恋。もしかしたら、僕は白野のことが・・・。
顔が茹で上がるほど熱くなる。
「黒井君・・・?」
白野が首を傾げる。僕は上手く彼女を直視できずに目を逸らして、
「な、何でもないよ」
と、明らかに何かありげな返事を返したのだった。
深呼吸。僕は自分の心を落ち着かせて、もう一度白野の顔を見る。
「僕の方からも言わせて」
僕は二人の女子生徒に金をせびられていた白野の姿を思い返す。あの時、彼女にどうして優しくするのかと尋ねられた。
「前に、僕が白野さんにどうして優しくするのか聞いたよね」
「うん」
「僕、その・・・白野さんと仲良くなりたかったんだ」
すると白野は微笑んだ。どこかその笑みは悪戯に映って見える。
「知ってた」
「え」
「黒井君がお金を狙ってわたしに接するような悪い人じゃないことぐらい、もう分かり切ってる」
前からずっと僕の体を襲った謎の熱、感情。それはきっと、恋だ。
だからこそ僕は白野に『仲良くなりたい』と話した。本当は彼女のことが『好き』だからだが、それを正直に話すわけにはいかない。
僕は前を見る。
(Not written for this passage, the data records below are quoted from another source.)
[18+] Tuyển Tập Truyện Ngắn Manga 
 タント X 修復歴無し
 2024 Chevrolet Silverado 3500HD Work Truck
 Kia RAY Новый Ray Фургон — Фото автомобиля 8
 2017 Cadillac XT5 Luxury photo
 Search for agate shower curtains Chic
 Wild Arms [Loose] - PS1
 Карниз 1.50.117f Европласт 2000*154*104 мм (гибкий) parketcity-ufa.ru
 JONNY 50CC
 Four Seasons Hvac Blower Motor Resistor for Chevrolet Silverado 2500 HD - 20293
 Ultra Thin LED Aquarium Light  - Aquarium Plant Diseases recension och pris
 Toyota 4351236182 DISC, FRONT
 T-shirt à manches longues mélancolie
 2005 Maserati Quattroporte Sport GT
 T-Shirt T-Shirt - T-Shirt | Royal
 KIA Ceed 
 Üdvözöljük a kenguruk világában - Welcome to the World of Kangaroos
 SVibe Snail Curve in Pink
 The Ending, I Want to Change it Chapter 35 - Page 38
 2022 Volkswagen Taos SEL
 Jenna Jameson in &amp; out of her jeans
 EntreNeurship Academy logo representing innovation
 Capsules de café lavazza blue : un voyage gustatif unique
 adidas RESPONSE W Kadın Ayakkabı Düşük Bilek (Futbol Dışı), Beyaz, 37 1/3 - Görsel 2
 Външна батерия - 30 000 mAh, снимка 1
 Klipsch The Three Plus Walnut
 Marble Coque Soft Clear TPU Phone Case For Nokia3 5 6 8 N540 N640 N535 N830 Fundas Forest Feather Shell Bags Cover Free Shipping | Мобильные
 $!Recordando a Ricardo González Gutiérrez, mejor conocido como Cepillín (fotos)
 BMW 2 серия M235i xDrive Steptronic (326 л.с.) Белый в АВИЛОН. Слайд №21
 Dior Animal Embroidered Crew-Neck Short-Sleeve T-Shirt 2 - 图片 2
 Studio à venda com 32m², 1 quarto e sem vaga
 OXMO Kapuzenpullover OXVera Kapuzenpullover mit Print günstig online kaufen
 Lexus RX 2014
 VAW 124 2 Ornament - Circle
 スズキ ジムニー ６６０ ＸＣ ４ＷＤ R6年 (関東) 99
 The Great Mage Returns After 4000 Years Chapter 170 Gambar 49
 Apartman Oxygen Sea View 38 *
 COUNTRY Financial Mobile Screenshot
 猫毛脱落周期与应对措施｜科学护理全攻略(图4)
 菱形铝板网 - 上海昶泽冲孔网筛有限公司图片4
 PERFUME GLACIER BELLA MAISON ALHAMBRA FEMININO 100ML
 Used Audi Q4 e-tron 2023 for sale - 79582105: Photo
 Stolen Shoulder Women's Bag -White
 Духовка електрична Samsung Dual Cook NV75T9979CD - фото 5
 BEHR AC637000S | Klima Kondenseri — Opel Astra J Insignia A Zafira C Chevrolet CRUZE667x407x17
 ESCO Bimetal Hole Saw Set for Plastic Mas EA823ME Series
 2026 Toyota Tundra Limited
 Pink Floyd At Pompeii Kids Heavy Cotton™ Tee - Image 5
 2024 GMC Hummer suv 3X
すでにあの横断歩道が迫っていた。
「ばいばい、黒井君」
「ばいばい、白野さん」
二人は挨拶を交わして帰り道に体を向ける。その時、雨に打たれながら、不意に白野が振り返った。
「わたしも・・・ううん、私も黒井君と仲良くなりたい」
僕は思わず言葉を失った。
それは嬉しさのせいでもあったが単純に、雨の中でも輝いて見える彼女のその眩しい笑みに、心が奪われたからだろう。
僕も少し間を置いて笑みを返す。
「ありがとう、白野さん」
「こちらこそありがとう、黒井君」
それだけ言って、白野は走り去った。
一人残された僕は傘の中を見上げる。
紺色の水玉模様の傘。入学したばかりの頃から変わらず使っているせいか、支えの部分の鉄が錆びている。
僕は前を向いた。信号が青になったので横断歩道を渡る。
いつもより足が軽くなった気がした。